My preference for established testing over MySoil/YM and Soil Savvy isn't some elitist position. MySoil/YM and Soil Savvy is undocumented and unproven. In good conscience I can't give any analysis for fear of doing harm. The only honest response I can make to someone's posting of one of those tests for advice is: "I can't help because I don't know" and I don't think anyone else knows either.


----------



## CenlaLowell (Apr 21, 2017)

Just use you local school ag extension and be done with this. I never understand people wanting to buck the system like somehow these youtube guys know more than your local extension is going to. I'll never understand.


----------



## Morgan_TN (Apr 18, 2020)

I wish I found this thread a few days sooner, or ordered a couple of the Yard Mastery soil test kits a few days later. I just sent off a couple samples for my first soil test since becoming a homeowner. This is my 2nd season taking lawn care more seriously, so I'm sure there will opportunity to test elsewhere. Thanks for the info.


----------



## Deadlawn (Sep 8, 2020)

CenlaLowell said:


> *Just use you local school ag extension and be done with this. I never understand people wanting to buck the system like somehow these youtube guys know more than your local extension is going to. I'll never understand.*


^^^This!!!^^^

Any arse can post a You Tube video. Not to mention that the vast majority of homeowners never get a soil test. People have no problems paying a lawn care service hundreds of dollars per year or spending money on lime and fertilizer every year, but don't want to spend $26 to get a soil test.

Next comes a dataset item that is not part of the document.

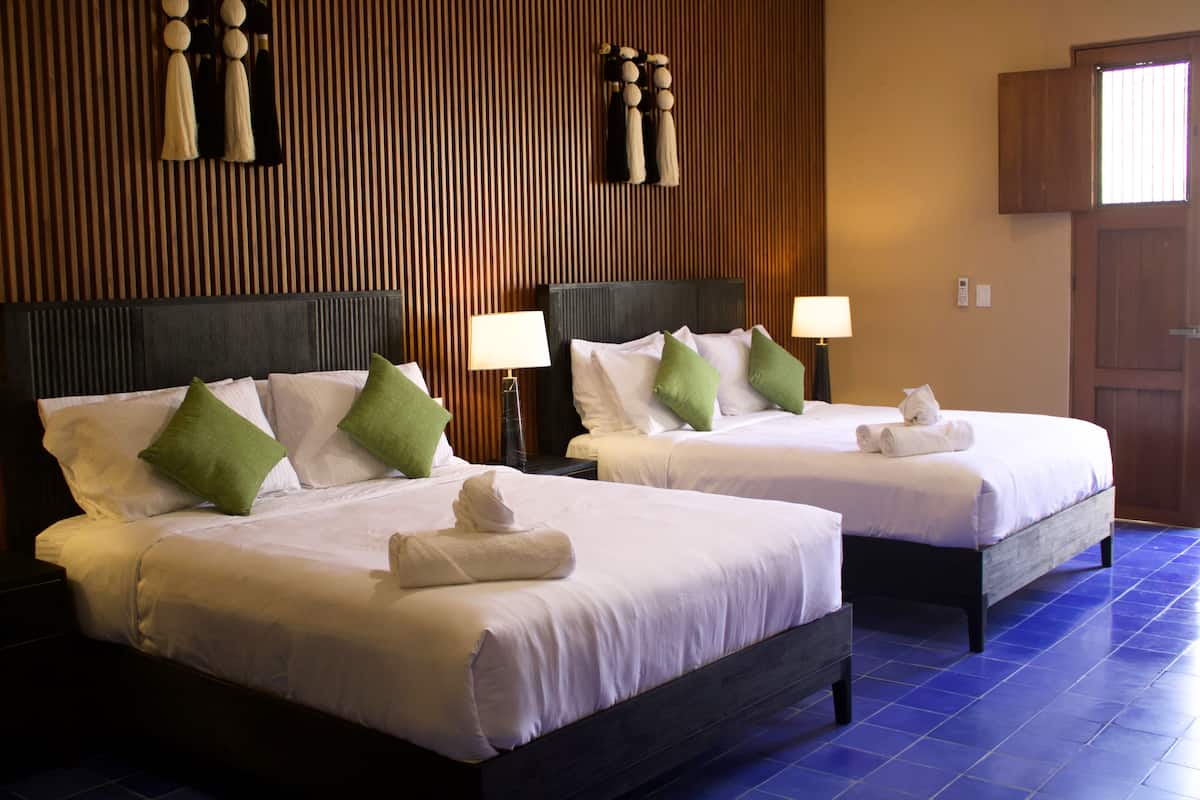 Dos camas dobles con sábanas blancas y almohadas verdes, paneles de madera en las paredes y suelo de baldosas azules.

It's really good to see people here on this forum are getting soil tests. Unfortunately, as with any product, there are ones that are better than others.


----------



## Ridgerunner (May 16, 2017)

Bump


----------



## TheThirstyTurtle (May 3, 2019)

Morgan_TN said:


> I wish I found this thread a few days sooner, or ordered a couple of the Yard Mastery soil test kits a few days later. I just sent off a couple samples for my first soil test since becoming a homeowner. This is my 2nd season taking lawn care more seriously, so I'm sure there will opportunity to test elsewhere. Thanks for the info.

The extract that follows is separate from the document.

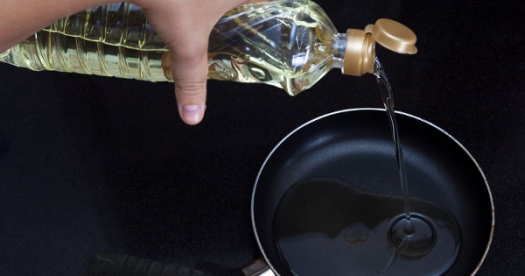 oil being poured into frying pan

I'm in the same boat. Just had a MySoil test done but it looks like I've been fleeced as their testing method isn't a proper benchmark, and I was steered towards Yard Mastery fertilizers to correct my soil deficiencies. Oh well, I'll learn from this and use one of the lab tests recommended through this forum going forward.


----------



## Ridgerunner (May 16, 2017)

https://www.youtube.com/watch?v=-_Ai5FsaJdw


----------



## Lawn Noob (Jul 26, 2020)

I've used soils savvy and lawn mastery tests over the last two years. The two tests do seem to agree with one another. My lawn looks pretty solid compared to where it started and my neighbors' lawns. I will use a proper lab next spring and compare the results.

I do believe the soil savvy test results have me moving in the right direction.


----------